Mas ignoremos o mais que provável erro da contraofensiva e concentremo-nos na encruzilhada que Zelensky e o povo ucraniano enfrentam por agora. O que os dados nus e crus nos dizem é que cerca de 20% do território da Ucrânia independente está hoje sob o controlo russo e com uma simples extrapolação da situação atual não se percebe como é que as forças Ucranianas sem o envolvimento direto da NATO poderão inverter esta posição e reformular as condições para uma possível negociação. Para mais, o declínio da população ucraniana prossegue inexoravelmente por vias diversas. A perda objetiva da população correspondente aos territórios ocupados, as perdas humanas da guerra e o êxodo para ocidente, próximo como a Polónia ou mais remoto, convergem no depauperamento da população ucraniana. O principal impacto deste declínio é a cada vez menor probabilidade do recrutamento para a guerra poder ser concretizado voluntariamente e não de forma coerciva, o que penaliza seriamente o apoio popular ao esforço de guerra.

Nestas difíceis condições e tendo em conta que o tempo joga a favor de Putin e não da Ucrânia, a encruzilhada parece óbvia. Ou a Ucrânia se prepara politicamente para negociar admitindo perder parte do seu território, não direi os atuais 20%, mas algo em torno desse referencial, ou investe decisivamente na possibilidade de recuperar parte desse território e impor a Putin um novo contexto de negociação. O problema é que esta última alternativa se cruza com a encruzilhada europeia, exigindo um posicionamento ocidental que pode precipitar o envolvimento direto da NATO.

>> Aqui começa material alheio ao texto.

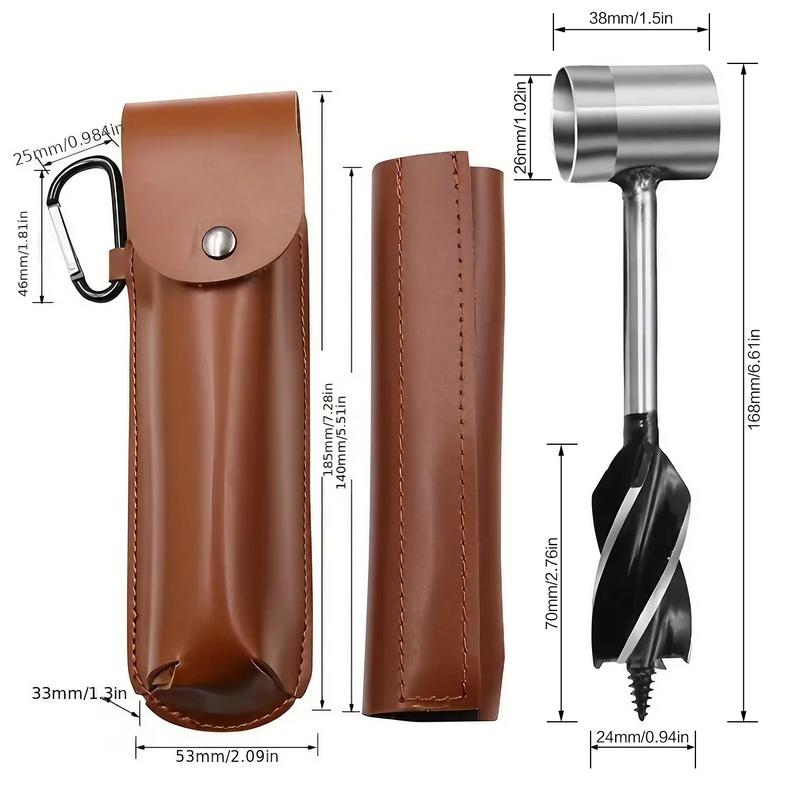 Manual Drill with PU Leather Case, Multifunctional Hand Drill, Outdoor Survival Tool, Woodworking Drill, Suitable for Wood, Outdoor Camping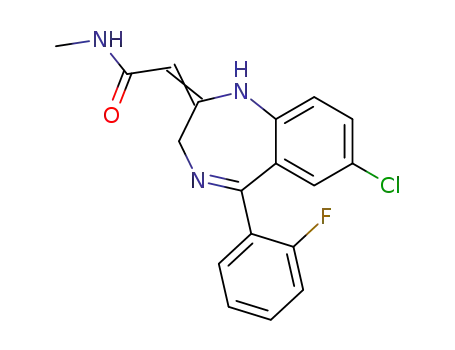 Molecular Structure of 112634-61-4 ((2E)-2-[7-chloro-5-(2-fluorophenyl)-1,3-dihydro-2H-1,4-benzodiazepin-2-ylidene]-N-methylethanamide)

Olhemos agora para a encruzilhada europeia.

Indo além da retórica, a reação dos agricultores polacos à entrada de produtos agrícolas ucranianos é uma simples antecipação do grosso das implicações que serão provocadas pela integração europeia da Ucrânia. As sondagens de opinião pública europeia que têm sido publicadas vão mostrando a erosão da confiança numa vitória ucraniana capaz de suster o expansionismo russo. Com exceção do choque energético suscitado pela invasão russa, não há propriamente uma matéria relevante em que as condições de vida europeias tenham sido afetadas de modo decisivo com a necessidade de ajuda à Ucrânia. O esforço de defesa e segurança europeia para fazer face ao novo contexto de desengano sobre a ambição russa e capaz de internalizar a eventual diminuição da solidariedade americana só agora vai começar a influenciar os orçamentos de estado e, consequentemente, a influenciar as escolhas públicas a submeter aos eleitorados. Estamos assim apenas na antecâmara de ver as condições de vida afetadas e mesmo assim os índices de confiança numa vitória ucraniana estão inexoravelmente a baixar. Além disso, a resposta imediatista à ameaça populista vai afastando a discussão política dos cenários mais gravosos de política externa enfrentados pela União Europeia. Veja-se a pobreza do debate político-eleitoral em Portugal nessa matéria. Veremos o que as próximas eleições europeias nos reservarão sobre a matéria.

Se há dimensão em que pelo menos a encruzilhada europeia está mais clara do que sempre esteve é a perceção real do que representa efetivamente a ameaça russa e do expansionismo de Putin. Uma das matérias mais relevantes que a muito citada neste blogue obra Les Aveuglés de Sylvie Kauffman nos traz é a profunda análise realizada pela autora sobre o longo namoro europeu com Putin, na ilusão de que seria possível trazê-lo para uma lógica de cooperação europeia em sentido amplo. O trabalho da jornalista é exemplar no sentido de identificar as hesitações de uma grande maioria das lideranças europeias e não estamos apenas a falar da atração de parte do SPD alemão pelas benesses da Gazprom e outras ofertas de Putin.

Mas a maior fonte de indeterminação resulta do facto das duas encruzilhadas serem interdependentes. Ética e moralmente cabe aos Ucranianos decidir o que fazer. Mas em boa regra essa capacidade de escolha não é autónoma. Ela cruza-se com a encruzilhada europeia.